Not saying that people going through it aren't suffering, because surely they are. It's always two things that cause the most tension: Children (custody / joint custody) or Property (money included, copyrighted works and future royalties, etc.). The issues that caused the divorce are entirely separate. The divorce itself is legal banter and compromise between lawyers speaking for their clients before a judge.
After the divorce, you get a whole new set of issues to deal with.
Anyway, that's how I see it. I might be off -- slightly jaded, perhaps. Divorces = yawns.
[This message has been edited by HSO (edited February 18, 2005).]
The material is interesting, it's just that people aren't good at writing about it, yet. Then again, A Man for All Seasons is a fine film.
[This message has been edited by Tanglier (edited February 18, 2005).]
Murders only seem commonplace because the media is looking for something sensational to report. The fact that murders top the list of things to report is because it is rare.
Comparing divorces to murders is like comparing apples and oranges, to borrow the overused phrase.
Now, divorces that lead to murder... that would be interesting. Murders that occur in the middle of a divorce would be interesting.
[This message has been edited by HSO (edited February 18, 2005).]
Having lived through one myself, I can't say I'd enjoy a book that has a central theme of a divorce.
I think other harsh things, like murder, have an appeal becuase most people have not murdered someone, and those who have been murdered don't read any more...wonder why?

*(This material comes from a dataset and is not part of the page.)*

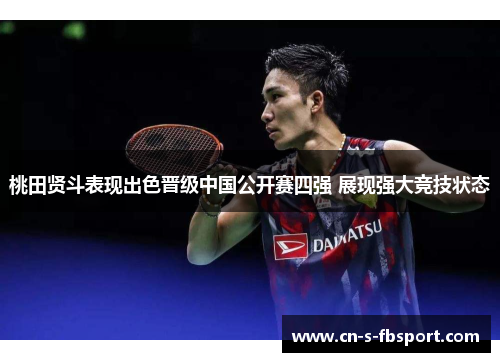 桃田贤斗表现出色晋级中国公开赛四强 展现强大竞技状态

Divorce is a breakup, which can cause good tension, with external factors heaped on. Lawyers, court, and don't forget the money...all the extras detract from the breakup. Now if one kills the other to keep from going through a divorce...well...
The same is basically true of my oldest sister's divorce. We were all really glad to get rid of that guy in a safe and legal manner. I was on the fence about the divorce of my other sister, but she seems much happier with her second marriage, and I didn't really have that much insight into her previous husband (I got the impression that our family was pretty hard on his ego though), so I'm not in the best position to judge.
My parents' divorce was like a bent fairy tale with a happy rather than gruesome ending for the "villain". My eldest sister's divorce was like one of those 90's chick flicks about women liberating themselves from oppressive males. My father's second divorce was (for the rest of us) light comedy with a happy ending for the hapless protagonist. My other sister's divorce was apparently like one of those arty films about intellectuals with shallow lives growing apart and feeling all bitter and estranged from everyone (but she married a nicer guy later, though she's still an intellectual who feels a bit estranged--at least she has a real life now and she doesn't seem bitter anymore).
So of the four (really only three, since I'm not that familiar with the one) divorces with which I personally am pretty familiar, only one had good dramatic elements. But the cool action/adventure parts didn't relate so much to the actual divorce (which was handled in a safe and legal manner). The hiding out at safe houses and occasional fist-fights (literal, in which I took part) to gain and keep physical possession of the child were much more interesting.
I suppose that I'm with LDS. The whole element of taking the battle to court detracts from the spectacular nature of the fundamental conflict. I think that's the entire point of taking something to court, right? Courts exist so that all the passion over a conflict can be diminished by putting it through a fundamentally boring resolution process.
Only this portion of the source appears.